I came across this thread today, addressing the question of whether "production" boats, specifically Jenes, Benes, and Bavarias are blue-water-worthy.  There are only 7 million threads out with people being know-it-alls about this question, but this one had a really decent and informative discussion.  

Jack Tyler's response, in particular, was very thought-provoking:
A multi-year Circle is a very ambitious project that is going to seriously test any boat (and not just in structural terms), so I'd suggest you look at it differently. I'd suggest you start with a Q like: "I have $60K to spend on a used boat (with my other $20K set aside for repairs/upgrades/outfitting and the like, before setting off). What boat will best meet my needs for that $60K?" 
... You need to zero in on the essential, functional demands of a boat doing extended cruising and, from those, identifying what your criteria will be. ... Consider using no more than one or two primary references that intentionally attempt to discriminate between the essential and the rest, and do your work. (My #1 rec would be Beth Leonard's Voyager's Handbook. Pay attention to her 'low budget' generic boat & crew that she repeatedly describes when discussing various boat characteristics). 
If you do your work, you'll end up with a much easier time of it in selecting the boat. Some examples: You'll come to realize that fresh water tankage may need to be much more emphasized than you'd imagined simply because your budget may not support the initial & upkeep cost of a water maker, even a cheap one since it could cost you perhaps 20% of your prep budget. You'll put significant (and functional) storage capacity on your list. You'll come to understand the central importance of a beefy anchor roller set-up (along with the boat's ability to handle much weight up forward). You'll learn that the repeated shock-loading of the deck & rigging hardware far exceeds what most boats see in more typical uses. And with these kind of criteria in hand, you'll look at all boats through a fresh lens and it will be much easier to weed out 'your' boat from the flock. 
You'll begin to appreciate how many boat builders these days (to include most of the models built by the mfgrs you mentioned) push their interiors 'out' in order to make the boat appear bigger and more 'open', with the inevitable loss of accessible storage compartments. You will notice that the bow roller assemblies are often cantilevered and built of 5mm/6mm stainless plate and bends are with tight radiuses. You'll begin to look at how beefy the deck hardware is, how its built and how its attached to the boat. You'll look at the tankage and scratch your head about how that could possibly work. And overarching all of this will be the inevitable ratcheting down of the size of the vessel you can realistically purchase, which will just make matching all your criteria that much more challenging.
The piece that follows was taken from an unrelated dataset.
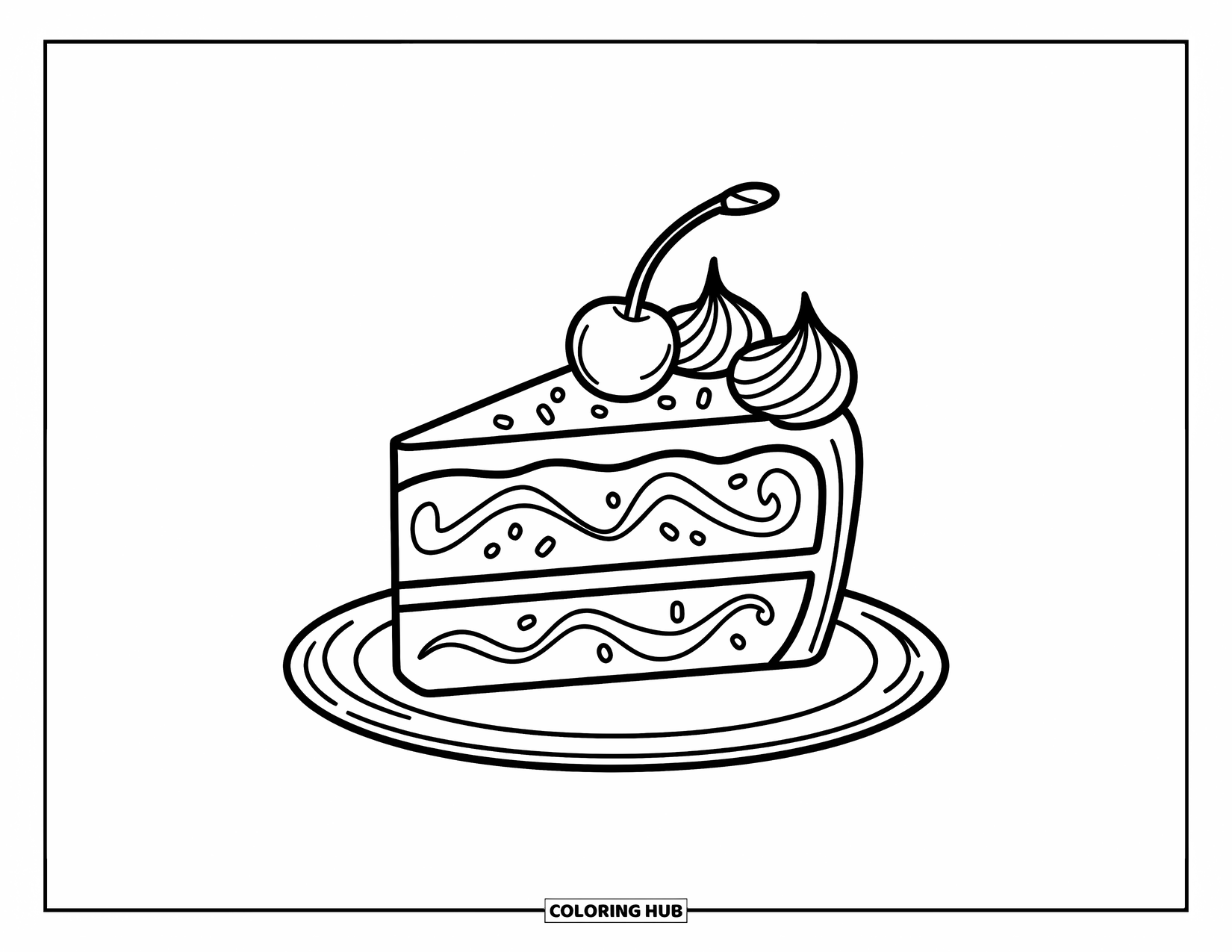 Kleurplaat taart voor kinderen: Een stuk taart met gedraaid glazuur, een kers erop en spikkels op een bord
Wow.  Why can't all internet-posters be this clear, articulate, and to-the-point?  The discussion goes on for or several hundred more posts, during which Jack goes on to say:
[H]igh production-volume builders that build down to a price a) miss things when building many boats each day (Bavaria was producing 2,000 boats each year as of five years ago...and they were expanding production), b) getting cost out of a boat inevitably forces compromises (which of course is true of every boat), but that c) the odds incrementally add up against you with these compromises because it becomes harder and harder for the builder to properly test & evaluate these, and to adequately inspect every hull being finished. ...  
So what to do? With research, you'll find some models of these builders, for some periods of time, are simply better engineered and more easily/reliably built than others. I saw a Jeanneau 41 out in the Frisian Islands of Germany that had been doing the offshore run up the Jutland Peninsula to Norway every year for 17 years. This can be a very tough run. I thought it was first rate and wouldn't hesitate to take it south of the Great Capes. But when built, the owner could ask for modifications such as additional high-tech (kevlar, as I recall) build-up in high-stress areas, and this owner had done that. The trick is to find out which of the many models being built over many years are less prone to major failures (since every boat will have its issues), and zero in on those for your shopping.
I do think Jack has a conclusion in mind here, and I'm not certain I agree with it, but it certainly is nicely put, and I certainly will be getting the book he recommends.